[RECORDS FOR THIS TASK Boundary: Start]
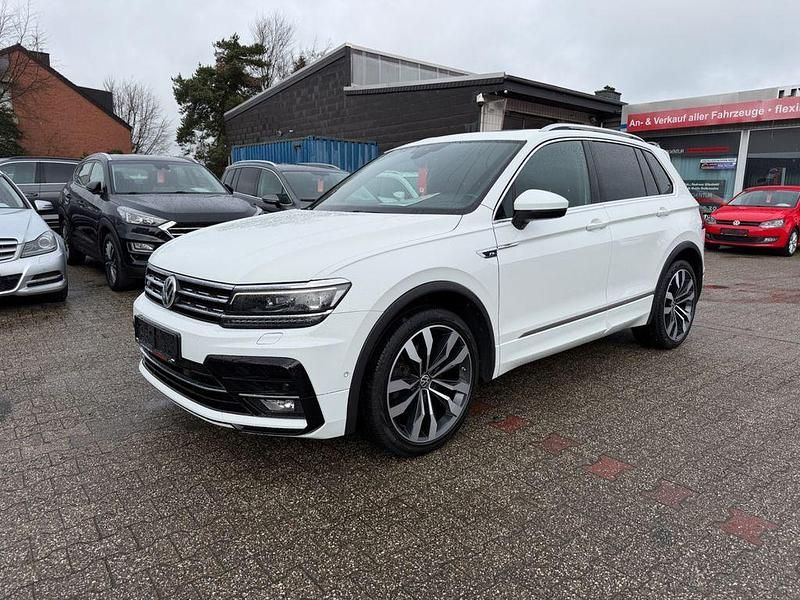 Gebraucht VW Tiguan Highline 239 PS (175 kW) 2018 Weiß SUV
[RECORDS FOR THIS TASK Boundary: End]
[RECORDS FOR THIS TASK Boundary: Start]
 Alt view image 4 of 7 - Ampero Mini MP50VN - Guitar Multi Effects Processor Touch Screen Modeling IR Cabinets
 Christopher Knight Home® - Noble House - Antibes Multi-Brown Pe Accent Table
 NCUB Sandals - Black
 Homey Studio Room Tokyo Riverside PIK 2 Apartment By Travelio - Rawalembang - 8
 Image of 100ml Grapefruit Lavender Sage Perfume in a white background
[RECORDS FOR THIS TASK Boundary: End]
[RECORDS FOR THIS TASK Boundary: Start]
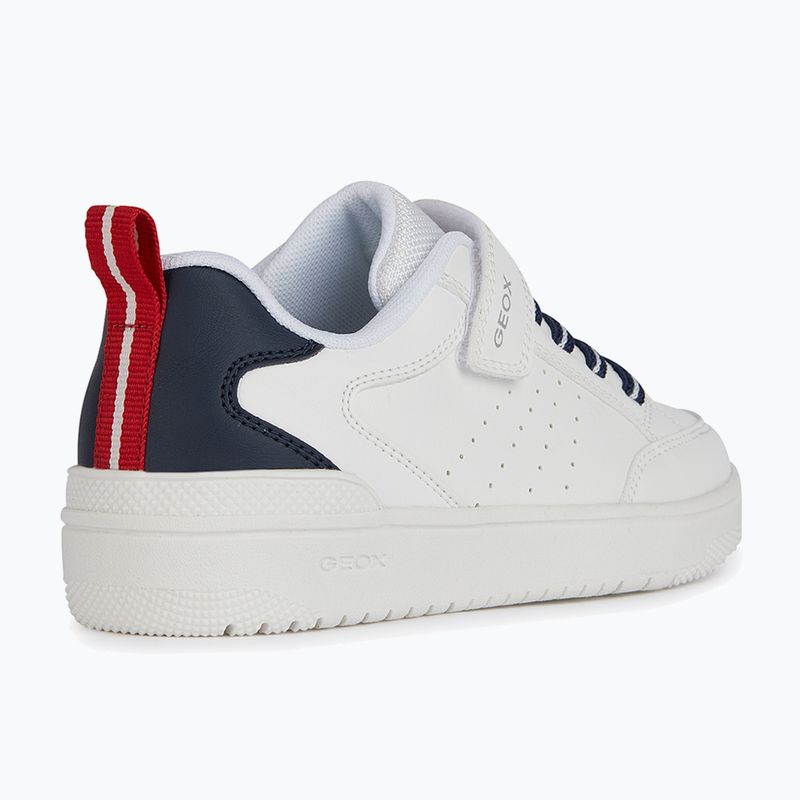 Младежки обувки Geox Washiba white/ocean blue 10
[RECORDS FOR THIS TASK Boundary: End]
--- YOUR GOAL ---
What lines in the data above contain the word "Multi"? Show them all.

--- REPLY TO THE TASK ---
 Alt view image 4 of 7 - Ampero Mini MP50VN - Guitar Multi Effects Processor Touch Screen Modeling IR Cabinets
 Christopher Knight Home® - Noble House - Antibes Multi-Brown Pe Accent Table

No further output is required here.